Project

General

Profile

Building TI Linux SDK and IPC examples on Linux SDK 9.03

The process below was done on a 64-bit x86-based Linux host running Ubuntu 24.04 using ti-processor-sdk 09_03_00_00 . Please use an acceptable version of Ubuntu such as 24.04 with the ti-processor-sdk 09_03_00_00.

TI has a good rundown on the different communication techniques available between the ARM and DSPs. This page is going to focus on some of the IPC and BigData IPC examples.
https://software-dl.ti.com/processor-sdk-linux/esd/AM57X/09_03_06_05/exports/docs/linux/Foundational_Components_IPC.html#multiple-ways-of-arm-dsp-communication

References

You will need the TI Processor SDK and the TI RTOS Processor SDK for most projects using the ARM and DSP. This guide is intended to supplement TI's documentation, not replace it. It is recommended to read through the referenced documentation.

Prerequisites

Download PROCESSOR-SDK-LINUX-AM57X and PROCESSOR-SDK-RTOS-AM57X.

PROCESSOR-SDK-LINUX-AM57X
  • Download ti-processor-sdk-linux-am57xx-evm-09_03_06_05-Linux-x86-Install.bin
PROCESSOR-SDK-RTOS-AM57X
  • Download processor_sdk_rtos_am57xx_09_03_00_00-linux-x64-installer.tar.gz

Software Dependencies

Please install the following libraries onto your system

sudo apt update
sudo apt install make binutils

Building the IPC libraries

  • Download Makefile_ipc_linux_examples into <PROCESSOR_SDK_INSTALL_DIR>/ti-processor-sdk-linux-am57xx-evm-09_03_06_05/makerules/
  • Navigate to the bottom level processor sdk directory
    $ cd <PROCESSOR_SDK_INSTALL_DIR>/ti-processor-sdk-linux-am57xx-evm-09_03_06_05/
    
  • Export the following variable
    • Replace <RTOS_SDK_INSTALL_DIR> with the proper installation path.
      $ export TI_RTOS_PATH=<RTOS_SDK_INSTALL_DIR>/processor_sdk_rtos_am57xx_09_03_00_00
      
  • Make ti's ipc examples
    $ make ti-ipc-linux-examples -j$(nproc)
    

Note: TI has yet to officially release a method for building these examples.
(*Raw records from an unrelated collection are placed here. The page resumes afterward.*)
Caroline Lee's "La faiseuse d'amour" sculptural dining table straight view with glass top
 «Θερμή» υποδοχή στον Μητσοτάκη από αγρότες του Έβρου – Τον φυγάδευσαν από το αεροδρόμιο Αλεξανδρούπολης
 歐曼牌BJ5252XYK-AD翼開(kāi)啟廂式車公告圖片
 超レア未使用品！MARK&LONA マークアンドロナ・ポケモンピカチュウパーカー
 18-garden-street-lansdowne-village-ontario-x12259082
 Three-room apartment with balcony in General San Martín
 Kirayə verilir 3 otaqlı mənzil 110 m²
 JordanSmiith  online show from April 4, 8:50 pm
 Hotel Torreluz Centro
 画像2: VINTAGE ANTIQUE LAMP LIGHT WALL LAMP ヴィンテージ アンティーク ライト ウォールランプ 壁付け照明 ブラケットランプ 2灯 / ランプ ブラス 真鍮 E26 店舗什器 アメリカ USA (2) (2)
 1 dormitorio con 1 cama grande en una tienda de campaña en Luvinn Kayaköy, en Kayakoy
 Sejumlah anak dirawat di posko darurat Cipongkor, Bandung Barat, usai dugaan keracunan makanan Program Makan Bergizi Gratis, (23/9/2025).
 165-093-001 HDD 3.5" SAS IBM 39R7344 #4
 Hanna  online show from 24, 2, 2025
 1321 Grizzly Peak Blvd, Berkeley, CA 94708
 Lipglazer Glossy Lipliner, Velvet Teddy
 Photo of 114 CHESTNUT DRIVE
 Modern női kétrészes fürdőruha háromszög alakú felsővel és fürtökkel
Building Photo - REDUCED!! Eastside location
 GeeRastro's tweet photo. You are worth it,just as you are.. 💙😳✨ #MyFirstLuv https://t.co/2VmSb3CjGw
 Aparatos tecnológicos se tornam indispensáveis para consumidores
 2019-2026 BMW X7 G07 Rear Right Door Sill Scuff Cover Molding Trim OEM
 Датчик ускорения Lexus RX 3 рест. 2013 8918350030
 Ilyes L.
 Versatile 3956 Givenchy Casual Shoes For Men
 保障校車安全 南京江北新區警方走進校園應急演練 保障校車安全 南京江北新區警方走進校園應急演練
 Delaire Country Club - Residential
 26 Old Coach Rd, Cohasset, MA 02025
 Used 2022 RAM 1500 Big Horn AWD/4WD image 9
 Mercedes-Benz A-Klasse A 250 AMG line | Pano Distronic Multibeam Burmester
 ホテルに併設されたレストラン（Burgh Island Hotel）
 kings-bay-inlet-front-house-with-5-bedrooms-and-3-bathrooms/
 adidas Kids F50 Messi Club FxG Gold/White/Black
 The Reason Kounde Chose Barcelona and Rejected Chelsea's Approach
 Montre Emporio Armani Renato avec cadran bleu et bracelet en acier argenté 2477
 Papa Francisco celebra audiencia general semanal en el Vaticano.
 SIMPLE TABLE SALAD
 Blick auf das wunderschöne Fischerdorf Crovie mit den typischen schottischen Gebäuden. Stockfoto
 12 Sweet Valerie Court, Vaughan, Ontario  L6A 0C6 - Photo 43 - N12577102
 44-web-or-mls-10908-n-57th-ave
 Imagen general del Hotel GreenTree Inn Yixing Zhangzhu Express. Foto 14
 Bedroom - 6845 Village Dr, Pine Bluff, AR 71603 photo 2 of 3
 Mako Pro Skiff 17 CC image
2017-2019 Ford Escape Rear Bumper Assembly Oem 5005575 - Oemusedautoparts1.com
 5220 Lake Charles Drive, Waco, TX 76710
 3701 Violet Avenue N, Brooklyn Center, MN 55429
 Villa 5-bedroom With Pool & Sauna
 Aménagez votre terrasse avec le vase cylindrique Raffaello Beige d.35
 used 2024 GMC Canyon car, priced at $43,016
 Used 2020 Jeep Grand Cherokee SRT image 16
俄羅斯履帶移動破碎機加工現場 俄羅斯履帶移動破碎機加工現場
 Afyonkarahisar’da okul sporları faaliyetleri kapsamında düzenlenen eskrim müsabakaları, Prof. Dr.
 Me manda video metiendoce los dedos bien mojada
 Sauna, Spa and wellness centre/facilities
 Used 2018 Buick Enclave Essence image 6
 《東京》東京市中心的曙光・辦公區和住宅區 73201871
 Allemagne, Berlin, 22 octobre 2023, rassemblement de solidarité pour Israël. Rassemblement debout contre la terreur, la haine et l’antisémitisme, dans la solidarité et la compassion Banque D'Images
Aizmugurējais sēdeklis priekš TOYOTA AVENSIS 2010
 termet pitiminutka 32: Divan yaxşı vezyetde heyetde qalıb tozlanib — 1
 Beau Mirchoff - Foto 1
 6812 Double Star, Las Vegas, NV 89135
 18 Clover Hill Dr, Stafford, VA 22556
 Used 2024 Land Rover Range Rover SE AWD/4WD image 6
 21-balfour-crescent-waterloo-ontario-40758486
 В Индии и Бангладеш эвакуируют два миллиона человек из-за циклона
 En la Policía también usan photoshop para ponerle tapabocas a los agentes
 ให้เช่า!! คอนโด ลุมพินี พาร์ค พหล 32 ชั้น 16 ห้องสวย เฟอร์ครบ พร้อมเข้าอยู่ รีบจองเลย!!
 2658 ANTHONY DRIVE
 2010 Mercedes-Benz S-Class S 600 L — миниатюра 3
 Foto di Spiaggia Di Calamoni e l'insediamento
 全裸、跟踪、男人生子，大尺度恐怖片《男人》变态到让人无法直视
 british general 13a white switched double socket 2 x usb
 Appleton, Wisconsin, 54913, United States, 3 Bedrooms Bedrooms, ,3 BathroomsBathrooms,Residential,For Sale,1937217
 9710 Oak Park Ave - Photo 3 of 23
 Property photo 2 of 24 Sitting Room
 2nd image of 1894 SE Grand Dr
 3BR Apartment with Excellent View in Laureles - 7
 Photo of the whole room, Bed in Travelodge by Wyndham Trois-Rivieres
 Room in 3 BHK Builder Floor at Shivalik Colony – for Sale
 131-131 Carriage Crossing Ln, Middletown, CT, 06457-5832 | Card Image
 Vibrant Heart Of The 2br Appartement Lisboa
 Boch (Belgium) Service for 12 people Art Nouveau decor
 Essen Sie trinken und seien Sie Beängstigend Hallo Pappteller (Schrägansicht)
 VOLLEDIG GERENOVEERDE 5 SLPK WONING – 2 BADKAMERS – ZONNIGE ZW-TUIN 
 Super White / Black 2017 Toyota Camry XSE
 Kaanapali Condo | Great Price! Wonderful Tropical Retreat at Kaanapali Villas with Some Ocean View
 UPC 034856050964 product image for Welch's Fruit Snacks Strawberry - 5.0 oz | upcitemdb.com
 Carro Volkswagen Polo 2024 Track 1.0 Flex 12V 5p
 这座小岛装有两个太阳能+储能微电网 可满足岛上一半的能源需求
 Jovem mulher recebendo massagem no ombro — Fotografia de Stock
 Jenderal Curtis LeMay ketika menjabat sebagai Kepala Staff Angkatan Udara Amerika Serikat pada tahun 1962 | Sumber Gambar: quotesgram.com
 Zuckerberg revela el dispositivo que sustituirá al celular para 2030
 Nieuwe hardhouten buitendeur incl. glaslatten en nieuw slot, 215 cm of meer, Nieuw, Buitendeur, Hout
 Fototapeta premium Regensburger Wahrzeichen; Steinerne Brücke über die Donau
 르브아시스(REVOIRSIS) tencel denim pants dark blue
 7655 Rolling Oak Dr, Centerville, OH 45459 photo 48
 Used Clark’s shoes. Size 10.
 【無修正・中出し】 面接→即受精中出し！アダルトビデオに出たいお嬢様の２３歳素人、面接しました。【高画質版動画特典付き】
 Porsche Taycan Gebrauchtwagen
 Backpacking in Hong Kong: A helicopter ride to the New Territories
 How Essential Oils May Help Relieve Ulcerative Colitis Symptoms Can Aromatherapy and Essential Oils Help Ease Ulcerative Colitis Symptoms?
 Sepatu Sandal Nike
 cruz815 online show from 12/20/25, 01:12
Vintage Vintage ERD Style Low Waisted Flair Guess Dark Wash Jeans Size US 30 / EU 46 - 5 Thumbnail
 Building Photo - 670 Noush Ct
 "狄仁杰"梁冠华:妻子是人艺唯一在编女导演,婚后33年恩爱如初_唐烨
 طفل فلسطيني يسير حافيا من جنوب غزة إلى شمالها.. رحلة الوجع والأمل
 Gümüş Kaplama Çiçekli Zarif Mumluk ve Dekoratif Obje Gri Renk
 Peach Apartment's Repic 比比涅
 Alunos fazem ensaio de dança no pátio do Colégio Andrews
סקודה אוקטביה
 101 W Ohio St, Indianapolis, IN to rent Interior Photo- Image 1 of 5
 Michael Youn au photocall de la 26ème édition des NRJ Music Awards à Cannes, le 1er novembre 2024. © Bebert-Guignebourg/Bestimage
For now this is an acceptable way to build. See: https://e2e.ti.com/support/processors-group/processors/f/processors-forum/1528563/processor-sdk-am57x-ipc-example-fails-to-create-and-execute-app/5923150

Reloading DSP/IPU firmware key

To load/reload firmware on a live system, you need to unbind and bind the omap remoteproc driver with the name of the processor's rproc device name. Capturing these below for easier reference.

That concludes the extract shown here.